Daaang bruthas got jokes, now!


----------



## elder999 (Nov 2, 2015)

ATACXGYMCAPOEIRA said:


> My ATACX GYM does cover multiple styles, including the stuff you listed above. But the core of our teaching is NJIA UHURU, the Afrikan Montu facet of my family's fighting system. We're known most for our Street Warrior approach. Street Warrior "Capoeira" [ that's not the correct term for this Afrikan art ] and our Street Warrior Kenpo [ which like all Asian and Southeast Asian arts has Afrikan roots and/or influences ].
> ,


----------



## Chris Parker (Nov 3, 2015)

Ras came back….?

Dude…


----------



## Koshiki (Nov 3, 2015)

ATACXGYMCAPOEIRA said:


> My ATACX GYM does cover multiple styles, including the stuff you listed above. But the core of our teaching is NJIA UHURU, the Afrikan Montu facet of my family's fighting system. We're known most for our Street Warrior approach. Street Warrior "Capoeira" [ that's not the correct term for this Afrikan art ] and our Street Warrior Kenpo [ which like all Asian and Southeast Asian arts has Afrikan roots and/or influences ].
> ,



I'm going to guess Chris Parker and Mr. Atacx get along pretty well, no?


----------



## Chris Parker (Nov 3, 2015)

To answer that, I give you this… spare some time, settle in, and make sure you grab a snack...

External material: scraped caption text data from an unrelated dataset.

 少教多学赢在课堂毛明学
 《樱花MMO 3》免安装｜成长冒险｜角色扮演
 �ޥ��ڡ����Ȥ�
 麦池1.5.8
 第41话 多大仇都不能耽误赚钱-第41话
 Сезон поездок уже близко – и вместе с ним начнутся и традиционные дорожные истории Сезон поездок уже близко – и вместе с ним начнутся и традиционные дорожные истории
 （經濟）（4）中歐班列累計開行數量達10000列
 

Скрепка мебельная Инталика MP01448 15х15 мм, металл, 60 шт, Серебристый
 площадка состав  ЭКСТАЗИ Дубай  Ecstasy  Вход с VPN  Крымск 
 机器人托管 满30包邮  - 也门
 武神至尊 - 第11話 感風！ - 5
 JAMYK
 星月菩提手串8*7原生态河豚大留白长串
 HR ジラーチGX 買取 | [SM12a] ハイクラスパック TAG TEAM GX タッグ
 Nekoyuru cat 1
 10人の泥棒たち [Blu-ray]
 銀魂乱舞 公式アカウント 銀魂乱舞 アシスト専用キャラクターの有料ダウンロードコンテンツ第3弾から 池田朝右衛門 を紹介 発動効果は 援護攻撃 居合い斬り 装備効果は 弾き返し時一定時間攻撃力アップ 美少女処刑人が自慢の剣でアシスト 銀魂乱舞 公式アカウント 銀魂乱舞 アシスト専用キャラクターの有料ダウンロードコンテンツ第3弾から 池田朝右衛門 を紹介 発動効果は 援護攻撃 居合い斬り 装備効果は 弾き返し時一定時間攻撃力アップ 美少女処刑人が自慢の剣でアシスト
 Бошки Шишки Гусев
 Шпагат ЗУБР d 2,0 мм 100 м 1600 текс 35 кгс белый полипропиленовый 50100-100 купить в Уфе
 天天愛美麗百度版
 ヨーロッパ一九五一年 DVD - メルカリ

Sword and hammer pt. 1 and 2 | MartialTalk.Com - Friendly Martial Arts Forum Community


----------



## Dirty Dog (Nov 3, 2015)

Yes, he was banned. Yes, he created a new account to evade the ban. Yes, he has been re-banned.


----------



## Chris Parker (Nov 3, 2015)

What I kinda love is that he announced it… great way to break the rules and not get found out…


----------



## Koshiki (Nov 3, 2015)

Dirty Dog said:


> Yes, he was banned. Yes, he created a new account to evade the ban. Yes, he has been re-banned.



Aw, disappointing. He seemed rather an entertaining fellow.


----------